2024 is going to be a seminal year. Apart from The Africa Centre celebrating its 60th anniversary this year (more information on this below), three African countries will also be celebrating their sixth decade of existence as independent nations – Tanzania, Malawi, and Zambia. This year marks the 30th anniversary of African Remembrance Day. It is the 140th anniversary of the Berlin Conference, the consequential event behind the creation of modern African nation-states. 

One of the most significant milestones we will be celebrating is the 30th anniversary of South African freedom. Yes, it is 30 years ago this March that South Africans went to the polls in its first universally enfranchised elections, which culminated in the election of Nelson Mandela as President. It is therefore poignant that we entered this New Year with the seismic news that South Africa has applied to the International Court of Justice for Israel to be charged with genocide for its ongoing prosecution of war against Palestinians in Gaza

If any country in the world has the credibility and indeed, the moral authority to institute such proceedings, then it is the country that has most vividly lived through and emerged from the horrors of what they describe in the application as the enabling “…background of apartheid, expulsion, ethnic cleansing, annexation, occupation, discrimination, and the ongoing denial of the right of the right…to self-determination…”. The application makes for sobering reading

This application is a powerful statement of active memory and ethical leadership in an environment where many politicians and states have cowered from assuming responsibility for even describing what they are seeing. South Africa is reminding the world of the lessons that history has taught us that we continuously refuse to heed – burying our heads in the sand in moments of injustice diminishes us all.

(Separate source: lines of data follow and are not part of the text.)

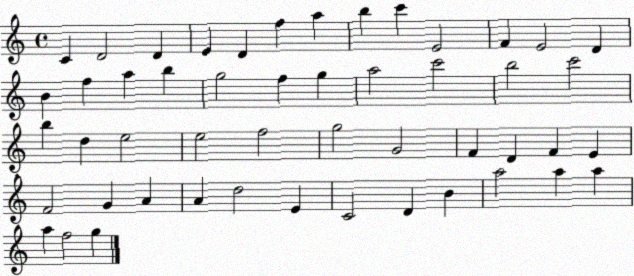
X:1
T:Untitled
M:4/4
L:1/4
K:C
C D2 D E D f a b c' E2 F E2 D B f a b g2 f g a2 c'2 b2 c'2 b d e2 e2 f2 g2 G2 F D F E F2 G A A d2 E C2 D B a2 a a a f2 g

In the words of Nelson Mandela, we are not free until we are all free. It will be interesting to see if other countries line up alongside South Africa in these proceedings. For now, we acknowledge their efforts in the eternal exhortation of their battle for freedom from oppression – AMANDLA!

Zambia celebrating its 60th anniversary this year is especially poignant for us at The Africa Centre, as their first democratically elected President, Kenneth Kaunda, officiated at the launch of our organisation in London, in November 1964. 

We have been putting together a programme of events for 2024 – there will be more information on this coming out in a special edition of the newsletter in a fortnight, so please look out for it. We are very excited about what the year will bring, we look forward to everyone joining us at the various events that we will be holding, hosting, and working in partnership to present and facilitate. 

Happy New Year to Everyone! May 2024 bring us all good fortune, love, light, laughter, and magical memories, Ase.

Olu Alake


My Cultural Moment of the Month: AFCON 2023 is here! Good luck to all competing nations and well done to the hosts, Ivory Coast for putting on what will be an awesome event. We are turning our building into a typical African football viewing centre for the duration of the tournament – do drop in for the closest experience to being in Lagos, Lusaka, Lilongwe, or Algiers that you will get without getting on a plane!

What I’m Reading: ‘Rumba on the River: A History of the Popular Music of the Two Congos’ by Gary Stewart – in preparation for the work that we will be doing in organising a Congolese Soukous Fest later in the year. In the meantime, you have a chance to watch them live at the Centre on 26th January.

‘It is the support of a collection of hands that makes one beat the chest confidently, a lone hand cannot lift a heavy load onto the head’ – Yoruba saying (roughly translated).